### Exercise details
Only the pictures are to be dropped; return all other data below exactly.

### Available data
------------------------------------------------------------

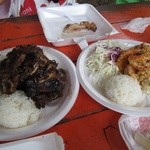 Honos - カルビ、ガーリックシュリンプ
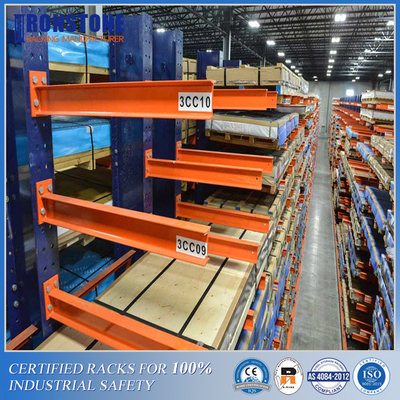 แร็คโลหะ Cantilever การกำหนดค่าหลายแบบพร้อมการเข้าถึงได้ทันทีและการเลือก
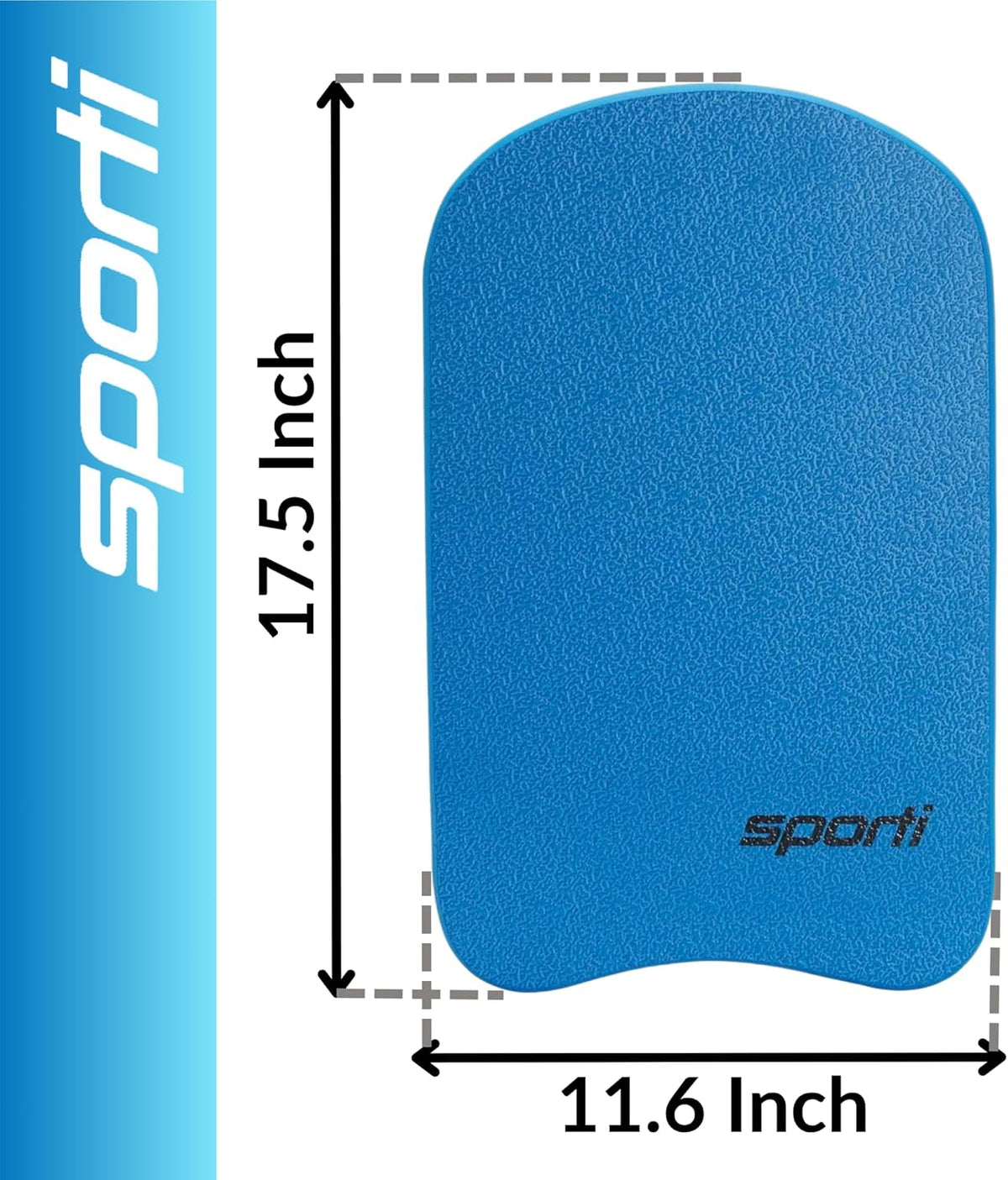 Sporti Adult Kickboard for Swim Training - Swimming Kickboard for Men Women, Water Board for Adult, Swimming Training Aid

------------------------------------------------------------

### Response
 Honos - カルビ、ガーリックシュリンプ
 แร็คโลหะ Cantilever การกำหนดค่าหลายแบบพร้อมการเข้าถึงได้ทันทีและการเลือก
 Sporti Adult Kickboard for Swim Training - Swimming Kickboard for Men Women, Water Board for Adult, Swimming Training Aid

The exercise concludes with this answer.